Sebastien’s is a lovely little bistro done up to look as close to a traditional French bistro is possible, complete with red and white checked tablecloths, 1920s French posters and clay ‘Thé au Ceylon’ pots. While the décor borders slightly on the kitschy side, I can think of far worse places to spend one’s Saturday morning. Heartened first by fresh toasted crusty bread alongside a huge pot of strawberry jam that looked and tasted homemade due to the lack of the usual overt sweetness of commercial jam, we were treated to huge bowls of coffee and tea. My coffee grand au lait was just right. Not as strong as expresso but certainly more robust and flavourful than the usual coffee from the office machine, its warm milkiness was a comforting wake-up call most suited for lazy weekend mornings. I also enjoyed the novelty of slurping it out of a huge blue bowl instead of the usual coffee cup.

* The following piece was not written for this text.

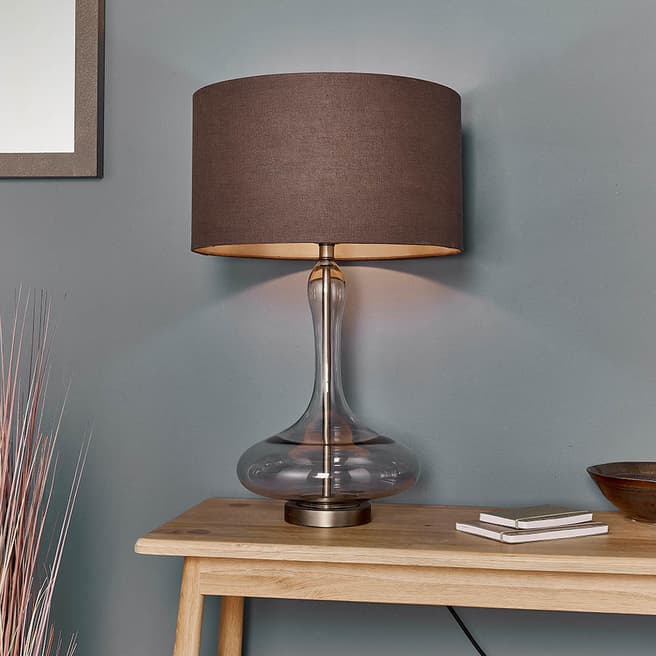 Gallery Living Bratton Table Lamp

The menu wasn’t very wide, and seemed to consist mostly of a variety of eggs done in different styles alongside standard servings of sausage, bacon, baked beans and mushroom ragout. Mr UnProfessional Chef selected Eggs Florentine, and I had poached eggs with soldiers. [Note: It actually had a fancy French name that I’ve forgotten and my Internet research turned up nought on this – apparently, it’s not usual for the French to have eggs, sausage and bacon for breakfast!!] Mr UnProfessional Chef’s version was a ramekin of eggs that looked fairly soft-boiled and topped with a few shreds of foie gras. Mine was a served atop a slice of ham and toast with Hollandaise sauce. Both were tasty and suitably sinful when mixed with the homemade sausage (which for once, didn’t taste too processed or salty) and bacon. My poached egg in particular was done just right, nicely tidy and firm on the outside but breaking open to reveal oozy creamy yolk within. All in all, we enjoyed our meal. I wouldn’t say it was the greatest ever breakfast I’ve had (first choice is still a traditional Continental breakfast that we had in France cooked for us by a 2 star Michelin chef in the Loire Valley that contained the most delectable homemade jams, fragrant breads and the creamiest butter ever that I still dream about regularly), but it hit the spot. The eggs and the side dishes were competently cooked and were neither bad nor unusually wonderful – my only complaint though was that they weren’t served as piping hot as I would have liked. But, like I said, no major problems and the lovely atmosphere and opportunity to while away time at the start of a weekend increased the pleasant experience immensely. We’ll be back.

12 Greenwood Ave
Tel : 6465 1980

Tuesday, October 18, 2005


Given my love for food, I have overindulged once too often, resulting in clothes that are too tight and a face that’s getting pudgy. I’ve thus been of late attempting to eat less during the course of the working week in order to enjoy the weekends. Often however, the attempts have failed, hence the “ ’’ around the title.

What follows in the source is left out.